Nel clicked back to her personal details.
Sophie was thirty-five, the same age as Lauren.
The address listed was 21 Cliff Street, which Google Maps located on the south side of Deception Bay where there had previously been bushland.
Streetview showed a sprawling Hamptons-style mansion behind a picket fence and a concrete driveway.
Lauren must be right about Warner Property.
Nel tried to imagine Ryan living there, but in her mind he was still a cocky nineteen-year-old with a Holden station wagon and an inflated opinion of himself.
She needed to get a sense of him now. She typed his name into Google, along with ‘real estate’, and clicked on his Facebook business page.
When the page loaded she inhaled sharply, unprepared for the sight of his smug face.
He sat on a cream outdoor sofa with Millers Beach in the background.
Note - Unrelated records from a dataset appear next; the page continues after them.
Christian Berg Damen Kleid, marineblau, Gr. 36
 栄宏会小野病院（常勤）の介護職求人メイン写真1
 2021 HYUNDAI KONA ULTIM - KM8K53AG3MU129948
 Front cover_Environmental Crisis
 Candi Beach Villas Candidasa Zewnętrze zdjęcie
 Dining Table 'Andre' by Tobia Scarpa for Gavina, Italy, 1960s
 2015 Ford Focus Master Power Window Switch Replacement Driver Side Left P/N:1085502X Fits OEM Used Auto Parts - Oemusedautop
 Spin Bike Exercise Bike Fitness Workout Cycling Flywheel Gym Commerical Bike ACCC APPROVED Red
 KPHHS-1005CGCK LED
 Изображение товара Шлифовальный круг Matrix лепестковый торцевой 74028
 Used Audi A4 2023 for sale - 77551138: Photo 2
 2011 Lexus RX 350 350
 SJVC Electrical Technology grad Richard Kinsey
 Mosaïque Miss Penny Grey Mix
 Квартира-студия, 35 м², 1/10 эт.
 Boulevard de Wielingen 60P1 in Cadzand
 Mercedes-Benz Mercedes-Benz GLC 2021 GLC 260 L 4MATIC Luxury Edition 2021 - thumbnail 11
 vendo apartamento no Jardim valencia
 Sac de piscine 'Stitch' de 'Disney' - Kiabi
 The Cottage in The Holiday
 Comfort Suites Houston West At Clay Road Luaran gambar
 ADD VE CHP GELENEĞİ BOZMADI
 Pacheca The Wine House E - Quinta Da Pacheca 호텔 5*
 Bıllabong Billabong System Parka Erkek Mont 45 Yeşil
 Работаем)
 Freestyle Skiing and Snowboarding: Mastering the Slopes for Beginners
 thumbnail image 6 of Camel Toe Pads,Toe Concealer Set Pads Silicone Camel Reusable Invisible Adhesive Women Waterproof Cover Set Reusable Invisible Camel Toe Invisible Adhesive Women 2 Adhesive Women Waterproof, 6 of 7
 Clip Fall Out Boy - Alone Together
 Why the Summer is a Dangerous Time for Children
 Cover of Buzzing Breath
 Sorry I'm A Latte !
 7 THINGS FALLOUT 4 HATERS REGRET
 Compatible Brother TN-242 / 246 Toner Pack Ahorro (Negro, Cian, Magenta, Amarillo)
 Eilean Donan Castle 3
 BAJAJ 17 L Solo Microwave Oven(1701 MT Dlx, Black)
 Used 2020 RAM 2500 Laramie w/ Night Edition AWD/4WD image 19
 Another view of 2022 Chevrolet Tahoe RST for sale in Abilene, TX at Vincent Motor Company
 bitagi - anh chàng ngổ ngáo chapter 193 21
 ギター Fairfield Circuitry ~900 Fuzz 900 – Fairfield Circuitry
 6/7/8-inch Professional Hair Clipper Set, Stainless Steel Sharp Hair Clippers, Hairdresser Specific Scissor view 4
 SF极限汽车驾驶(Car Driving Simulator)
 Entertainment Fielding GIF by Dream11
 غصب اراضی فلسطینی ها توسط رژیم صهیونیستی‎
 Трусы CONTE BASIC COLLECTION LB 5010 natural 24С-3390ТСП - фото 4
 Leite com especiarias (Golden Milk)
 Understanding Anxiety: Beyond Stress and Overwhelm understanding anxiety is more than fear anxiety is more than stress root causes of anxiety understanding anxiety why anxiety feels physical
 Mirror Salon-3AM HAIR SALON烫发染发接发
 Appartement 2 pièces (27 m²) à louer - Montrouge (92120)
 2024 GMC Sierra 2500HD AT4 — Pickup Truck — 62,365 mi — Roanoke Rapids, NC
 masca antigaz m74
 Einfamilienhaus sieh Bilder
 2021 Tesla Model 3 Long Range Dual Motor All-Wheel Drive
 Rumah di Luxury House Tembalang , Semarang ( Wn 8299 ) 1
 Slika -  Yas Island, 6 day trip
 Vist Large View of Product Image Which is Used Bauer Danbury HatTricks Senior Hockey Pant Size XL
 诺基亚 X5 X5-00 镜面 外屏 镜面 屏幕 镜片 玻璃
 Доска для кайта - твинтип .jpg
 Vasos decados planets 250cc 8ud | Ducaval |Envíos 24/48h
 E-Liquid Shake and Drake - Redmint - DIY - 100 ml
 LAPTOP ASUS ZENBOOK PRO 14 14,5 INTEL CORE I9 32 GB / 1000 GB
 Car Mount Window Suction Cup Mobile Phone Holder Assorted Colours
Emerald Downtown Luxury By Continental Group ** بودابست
He’d thickened up and sported well-groomed stubble and a collared shirt, but the smirk was a bang-on match for the one on the face of the nineteen-year-old in her mind.
She scrolled down. There he was again, posing in front of a SOLD sign, flanked by an elderly couple clutching a champagne bottle.
‘Sea-changers from Sydney’, according to the caption.
Next was a testimonial from another satisfied client, his accompanying text peppered with words like ‘humbled’ and ‘honoured’ and ‘grateful to be of service’.
The next post was a Canva creation, a photo of a rainbow over Deception Bay with a quote: You have to look through the rain to see the rainbow. Caption: #motivationmonday.
Nel groaned, thinking it couldn’t get any worse, but then she saw the next photo. Ryan had one shirtsleeve rolled up and a tourniquet around his upper arm as he gave blood. The caption read, Giving back. Jesus.
She clicked the tab shut. If you asked AI to design an upstanding small-town real estate agent, he would look just like Ryan Warner.
And yet.
Nel closed her eyes and pictured Sophie’s face, wincing in pain, replaying their conversation, trying to recall her exact words.
I can handle it.
That was what she’d said. It wasn’t a denial. It was almost a confirmation.
Wasn’t it?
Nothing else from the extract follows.